Over 300 engineers have succeeded in winning an SMF scholarship to study for an MBA at a world-class business school. You could be about to join this group of talented individuals who, once qualified, forge outstanding careers in major companies or develop their own thriving enterprises, thus helping our economy.
We asked SMFs and candidates currently studying for their MBA to think back on their application and assessment experience and share their thoughts and tips on making a strong case for a scholarship. Here they tell us what things to consider and how to impress the panel while being true to yourself.
There is bound to be something here to inspire your application, so do dip into to this valuable source of advice throughout your application process – good luck!
Are you really ready?
- Ensure you have completed your professional engineering registration and are close to reaching Chartered status.
- Be very clear about why you want to go to business school, and how you see it accelerating your career. Ideally, you should have a 3-year and 10-year plan.

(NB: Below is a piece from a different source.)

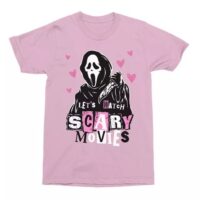 Let's Watch Scary Movies Pink T Shirt - Ghost Face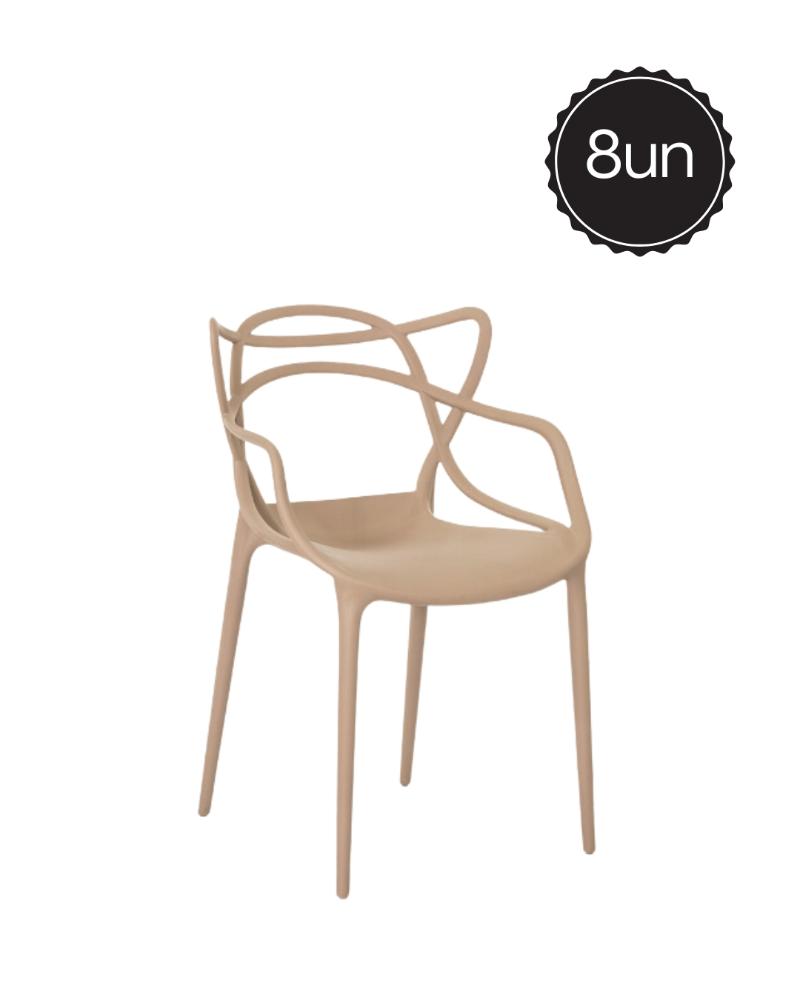 Kit 8 Cadeiras De Design Allegra Interior E Exterior - Nude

Don’t be shy – sell your capabilities and achievements
- Make sure your application tells a story about you, about the capabilities you think are important and about the way you have demonstrated them to colleagues. Learn how to tell that story using illustrations of successes and failures in words and for your presentation.
- When filling in the online form, think about the various skills and qualities you are being asked to demonstrate, and also show how you expect these will be supplemented by your MBA. Don’t limit yourself to your professional experience – extracurricular activity is useful too, particularly if it demonstrates leadership potential.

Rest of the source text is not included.